TASK MATERIAL:
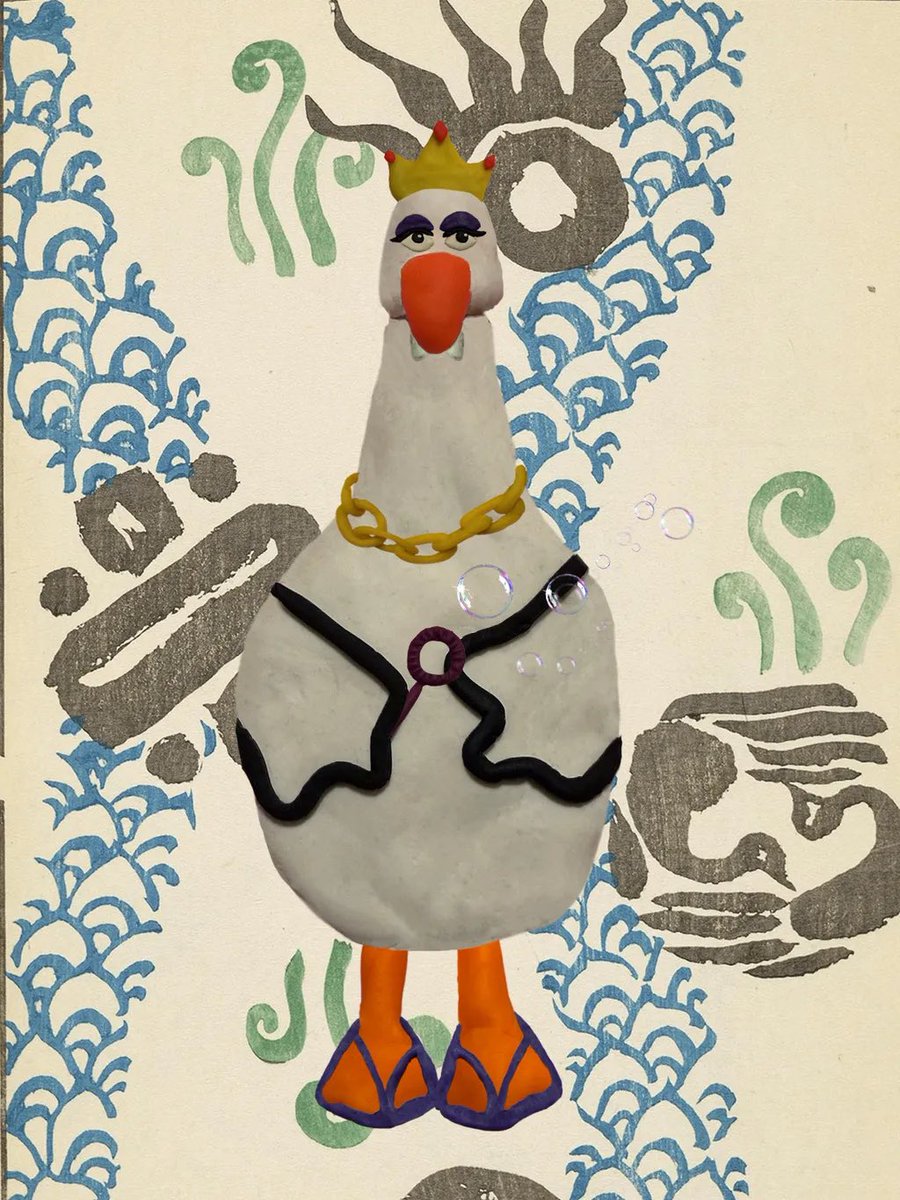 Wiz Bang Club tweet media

* * *

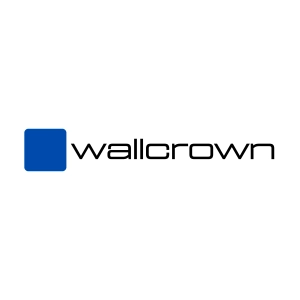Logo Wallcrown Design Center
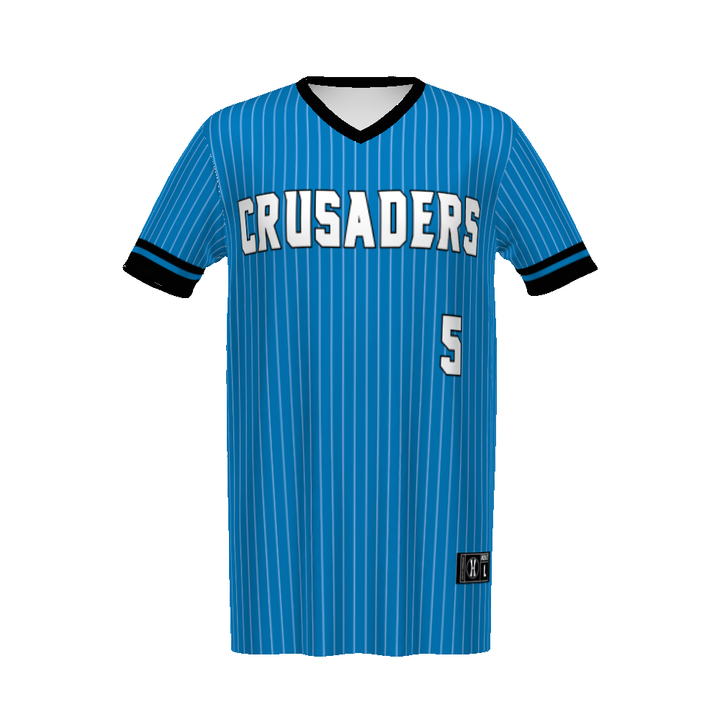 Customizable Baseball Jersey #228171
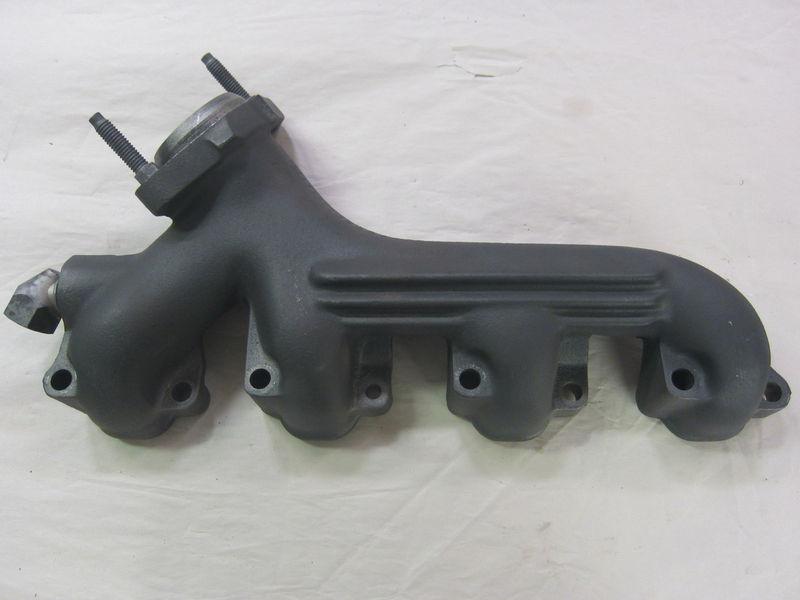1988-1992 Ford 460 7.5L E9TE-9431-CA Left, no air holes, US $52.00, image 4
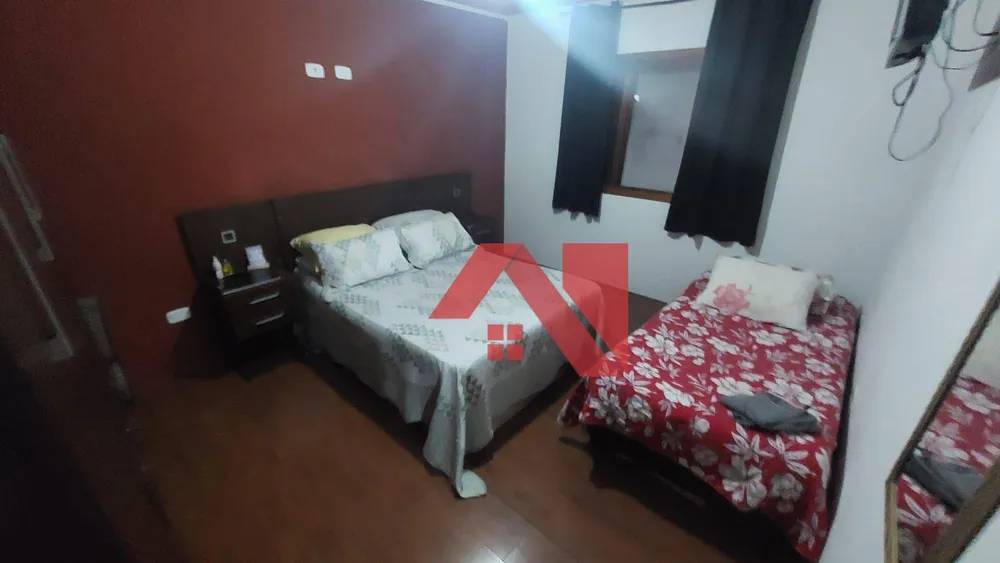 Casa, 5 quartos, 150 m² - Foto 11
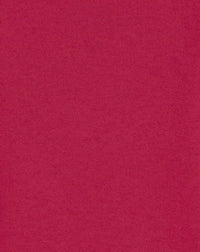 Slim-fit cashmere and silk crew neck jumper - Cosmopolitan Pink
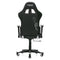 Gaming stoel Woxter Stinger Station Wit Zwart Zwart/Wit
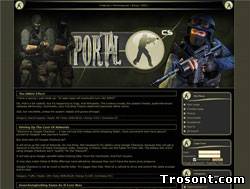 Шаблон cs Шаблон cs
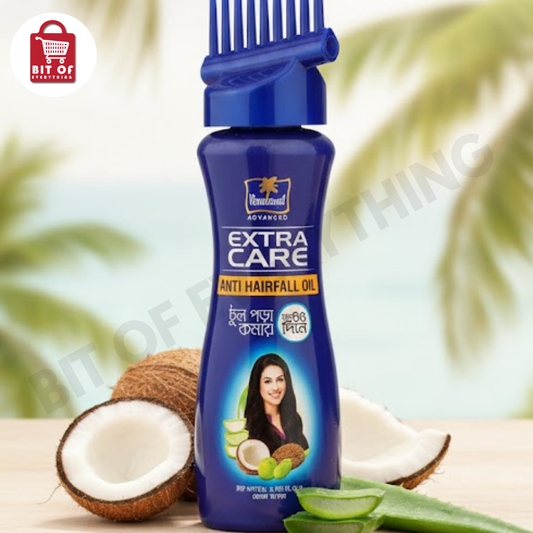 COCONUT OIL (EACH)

---

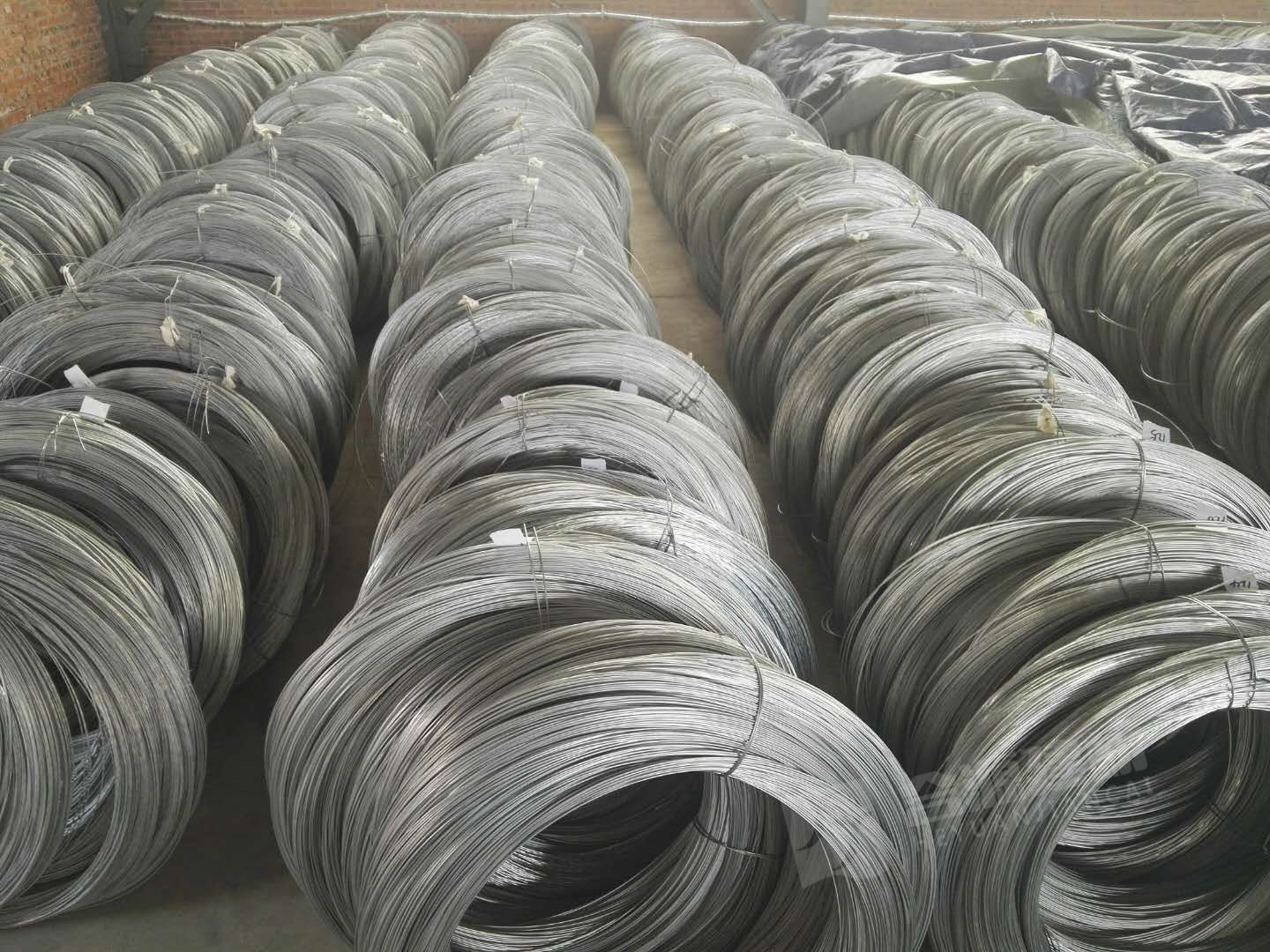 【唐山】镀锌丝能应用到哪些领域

AIM OF THE EXERCISE: Working from the entries above, reproduce exactly and only the lines beginning with the line that has "Customizable Baseball Jersey #228171" and ending with the line that has "COCONUT OIL (EACH)"; omit all pictures.

ANSWER TO THIS TASK:
 Customizable Baseball Jersey #228171
1988-1992 Ford 460 7.5L E9TE-9431-CA Left, no air holes, US $52.00, image 4
 Casa, 5 quartos, 150 m² - Foto 11
 Slim-fit cashmere and silk crew neck jumper - Cosmopolitan Pink
 Gaming stoel Woxter Stinger Station Wit Zwart Zwart/Wit
 Шаблон cs Шаблон cs
 COCONUT OIL (EACH)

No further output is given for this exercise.